Die Bestandsaufnahme über die Pflichtenlage bei einem Geschäftsführerwechsel
Regelmäßig kommt es zu einem Wechsel in der Geschäftsleitung eines Unternehmens. Wir empfehlen dem Geschäftsführer, der einen neuen Verantwortungsbereich in seinem neuen Unternehmen übernimmt, eine Bestandsaufnahme machen zu lassen, ob alle Rechtspflichten von seinem Vorgänger erfüllt wurden oder ob es nicht erfüllte Pflichten im Unternehmen gibt. Unterlässt er diese Bestandsaufnahme und wird später ein Rechtsverstoß entdeckt, der von seinem Vorgänger nicht vermieden wurde, fällt dieser Verstoß in seine neu übernommene Verantwortung, von der er sich nicht mit dem Hinweis auf seinen Vorgänger entlasten kann.

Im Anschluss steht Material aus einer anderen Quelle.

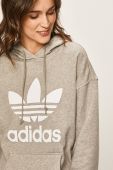 adidas Originals - Кофта FM3304-MGR/WHT колір сірий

Je länger er in dem neuen Unternehmen die Verantwortung als Geschäftsführer trägt, umso mehr steigt das Risiko des Vorwurfs illegalen Verhaltens. Gleichzeitig nimmt die Bereitschaft ab, zu untersuchen, ob alle Pflichten des Unternehmens eingehalten sind, weil das Risiko wächst, einen Rechtsverstoß zu entdecken und sich dadurch möglicherweise selbst mit dem Vorwurf belasten zu müssen, diesen Verstoß nicht entdeckt und vermieden zu haben, während er die Verantwortung hatte. Der Geschäftsführer hat die Legalitätspflicht. Er ist verpflichtet, sich selbst legal zu verhalten und dafür zu sorgen, dass auch alle Angestellten die Rechtspflichten des Unternehmens einhalten. Er hat die Garantenstellung kraft Organisationsherrschaft. Nur er ist berechtigt und verpflichtet, ein Compliance Management anzuordnen und einzusetzen.
Dazu habe ich in meinem neuen Aufsatz „Die unklare Rechtslage zur Unternehmensführung als Risiko von Geschäftsleitern“ Teil 2 Seite 4 mit Hinweisen, Stellung genommen. Sie finden den dreiteiligen Aufsatz im Downloadbereich auf unserer Internetseite www.rack-rechtsanwälte.de/seiten/downloads. Die Garantenstellung kraft Organisationsherrschaft begründet das Strafbarkeitsrisiko für Geschäftsführer durch Unterlassen eines Compliance-Management-Systems. Die Rechtsprechung argumentiert in vier bekannten Fällen inzwischen bei Rechtsverstößen in Unternehmen, dass ein Compliance-System den Rechtsverstoß verhindert hätte, wenn es nur eingesetzt und nicht unterlassen worden wäre.
Eine konfliktfreie Bestandsaufnahme ist vor jedem Führungswechsel möglich. Am Anfang seiner Amtsübernahme kann jeder Geschäftsführer prüfen lassen, ob alle einschlägigen Vorschriften im Unternehmen eingehalten sind, und zwar völlig frei von der Sorge, sich selbst mit dem Vorwurf belasten zu müssen, einen Rechtsverstoß geduldet, übersehen oder jedenfalls nicht präventiv rechtzeitig vermieden zu haben. Langjährige Geschäftsführer hingegen zögern erfahrungsgemäß mit der Bestandsaufnahme, ob ihr Unternehmen rechtskonform organisiert ist, je länger sie im Amt sind.